Elgg is open source social networking software that provides individuals and organizations with the components needed to create an online social environment. It offers blogging, microblogging, file sharing, networking, groups and a number of other features. It was also the first platform to bring ideas from commercial social networking platforms to educational software.

History 
Elgg was the first platform to bring ideas found in commercial social networking platforms to education. It was founded in 2004 by Ben Werdmuller and Dave Tosh, based on informal papers they had written over the previous year. Combining their experience (Werdmuller was a web entrepreneur who had been building and facilitating online communities since 1995, while Tosh was a postgraduate student in online education) they created a social networking approach to e-learning, with the former designing the architecture and writing most of the code. Subsequently, they founded the company Curverider Ltd to continue the development of the software and to provide Elgg-related services. Elgg has since become a cross-purpose open source social networking platform.

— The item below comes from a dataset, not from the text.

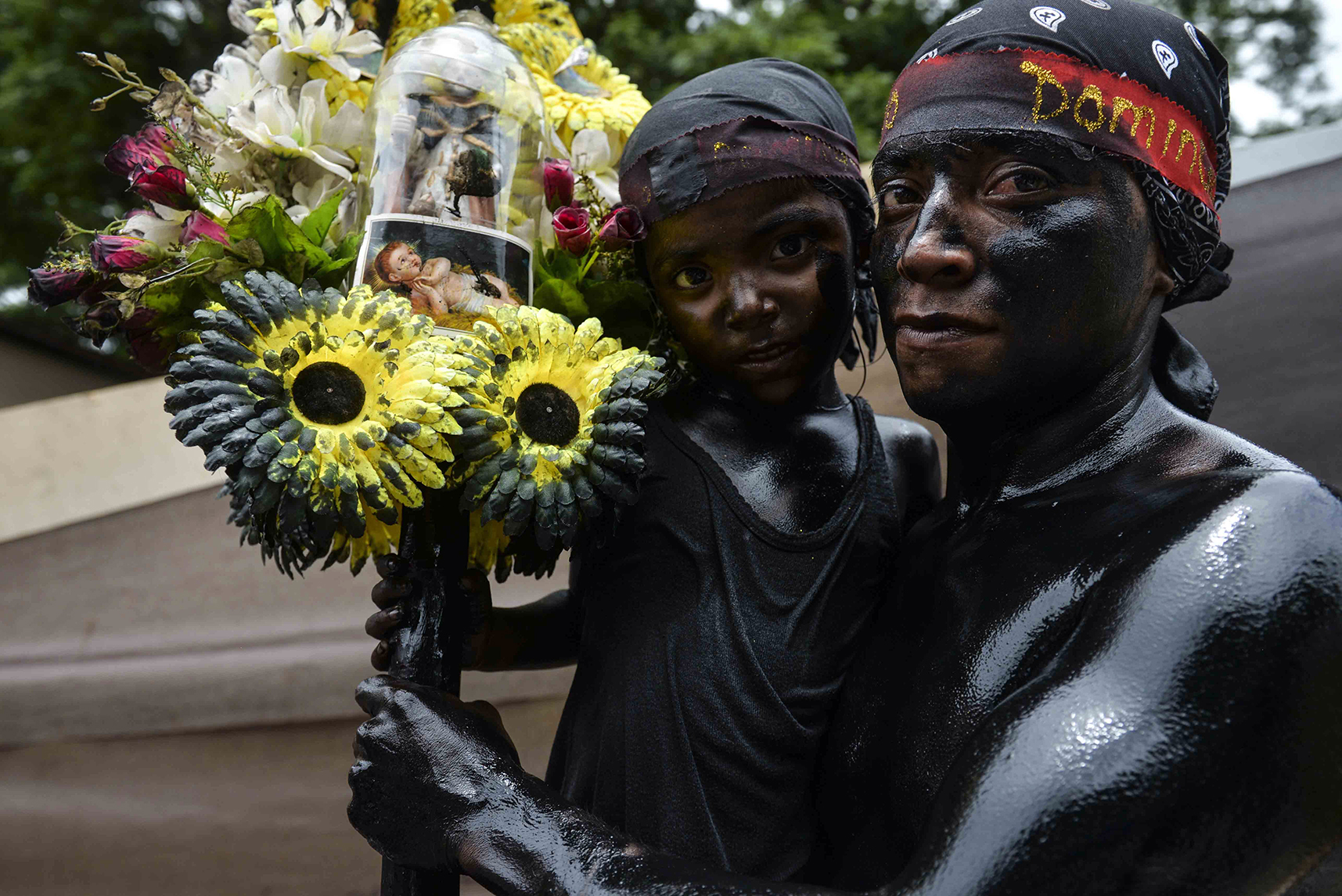 Padre e hijo se llenaron el cuerpo de aceite negro para pagar sus promesas a Santo Domingo. LA PRENSA / Jader Flores.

In April 2009, Werdmuller decided to leave the project, leaving Brett Profitt in charge of development. Werdmuller has since released Known, an open source publishing platform. In May 2010 a hosted version of Elgg launched in beta. In December 2010, Curverider was acquired by Thematic Networks and Elgg was transferred to a non-profit foundation.

Elgg is free to download and use. It is dual licensed under the terms of the GNU General Public License (GPL) as published by the Free Software Foundation and the MIT License.  Elgg runs on the LAMP (Linux, Apache, MySQL, and PHP) platform. Elgg is used by Lorea as the engine of N-1.cc, the  self-organized social network of the Spanish 15-M social movement. The same applies for the self-organized  Anillo Sur and Saravea Lorea latinamerican social networks.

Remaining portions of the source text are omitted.